RAW DATA
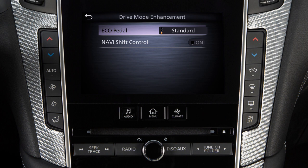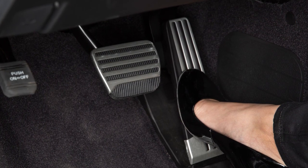Touch Standard or Soft to select the desired force level. To turn off the Eco-Pedal system, touch Off. When the Eco-Pedal system is turned off, the accelerator operates normally.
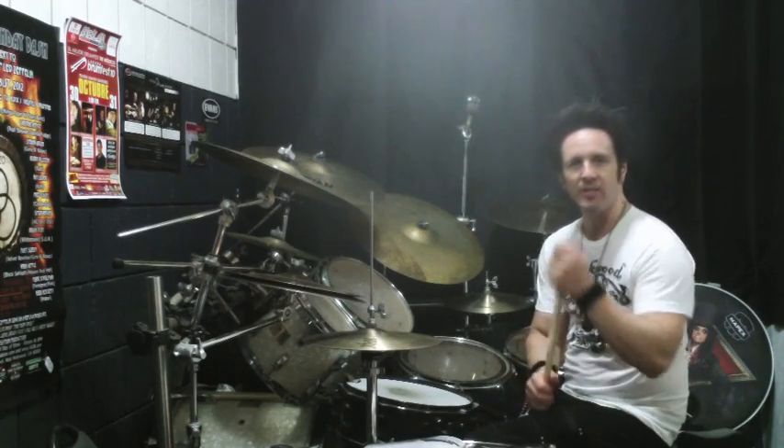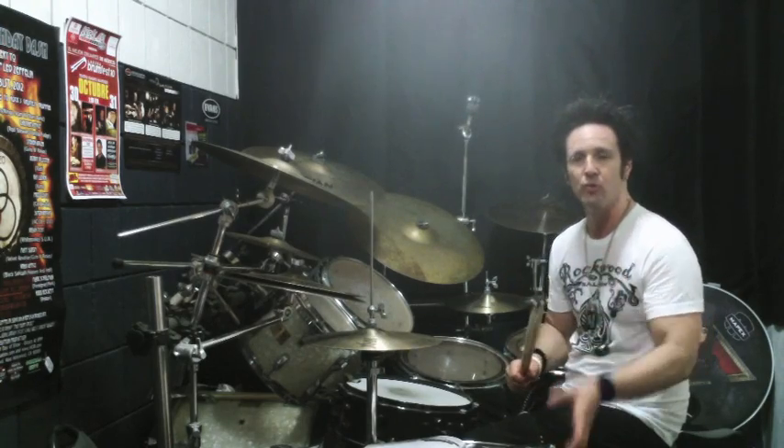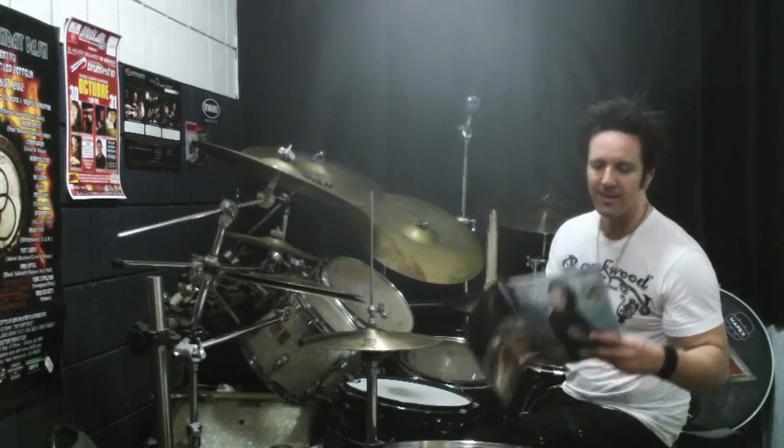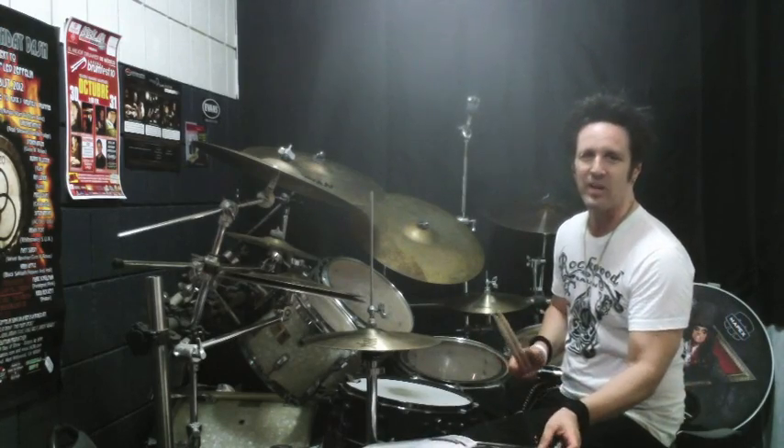What's up, fellow Drum Magazine readers? How you doing? Glenn Sobel here from the Alice Cooper Band. I'm here to go over my lesson column in issue number 217 of Drum Magazine. That's this issue right here. It's the lesson column on linear licks.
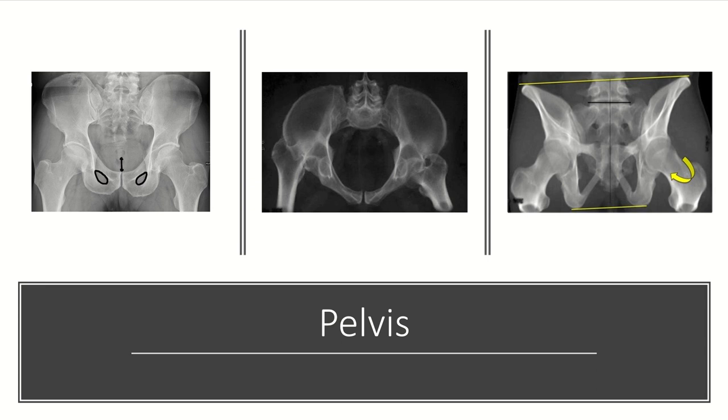On the pelvis x-ray series, we typically get an AP, a pelvic inlet, and a pelvic outlet view. On the AP, the spinous processes should be midline, the space from the pubic symphysis to the bottom of the sacrum should be about two centimeters, and the obturator foramen should be symmetric, which suggests the pelvis is not rotated.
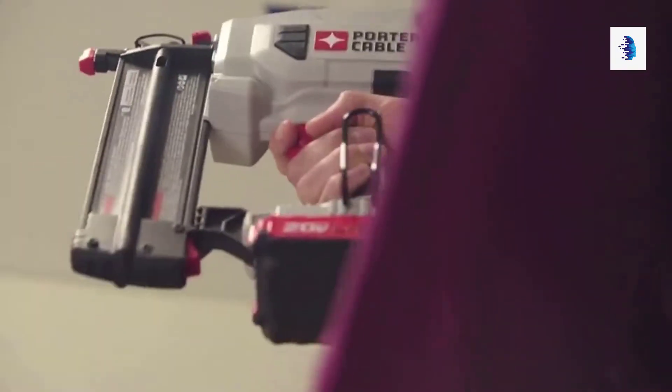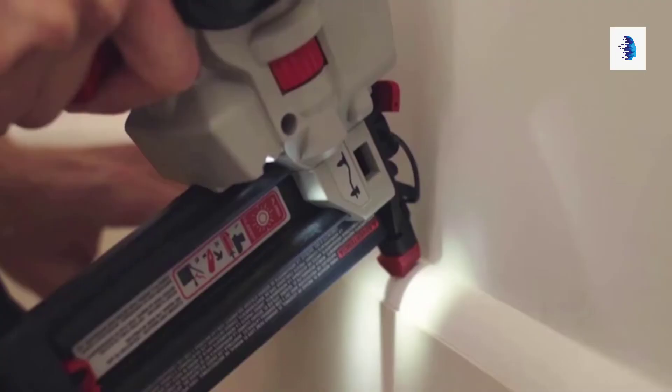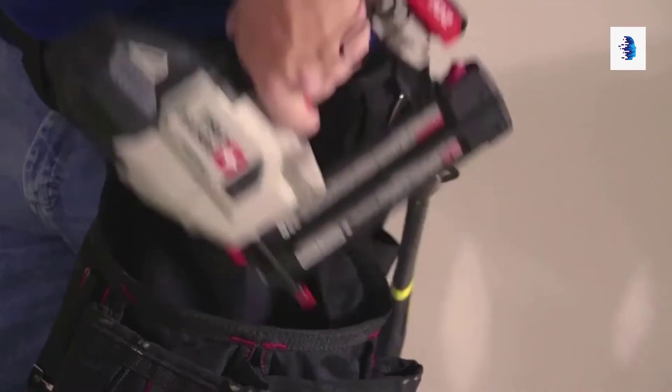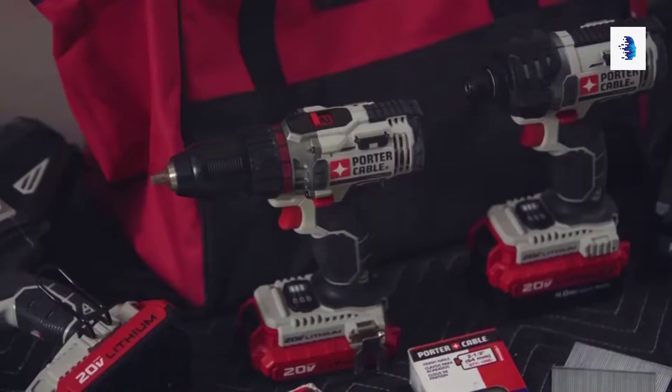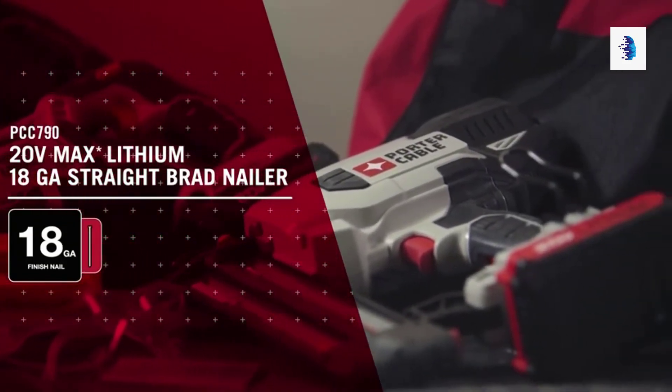For over 100 years, Porter Cable has provided and serviced quality power tools for the professional woodworker and tradesman — tools engineered to deliver high-quality, professional results at a great value. We continue this legacy with the introduction of the newest addition to the Porter Cable 20-volt max system of tools.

WHAT YOU WILL DO
All of the data should be returned word for word, with each picture left out.

WRITTEN ANSWER
Touch Standard or Soft to select the desired force level. To turn off the Eco-Pedal system, touch Off. When the Eco-Pedal system is turned off, the accelerator operates normally.
What's up, fellow Drum Magazine readers? How you doing? Glenn Sobel here from the Alice Cooper Band. I'm here to go over my lesson column in issue number 217 of Drum Magazine. That's this issue right here. It's the lesson column on linear licks.
On the pelvis x-ray series, we typically get an AP, a pelvic inlet, and a pelvic outlet view. On the AP, the spinous processes should be midline, the space from the pubic symphysis to the bottom of the sacrum should be about two centimeters, and the obturator foramen should be symmetric, which suggests the pelvis is not rotated.
For over 100 years, Porter Cable has provided and serviced quality power tools for the professional woodworker and tradesman — tools engineered to deliver high-quality, professional results at a great value. We continue this legacy with the introduction of the newest addition to the Porter Cable 20-volt max system of tools.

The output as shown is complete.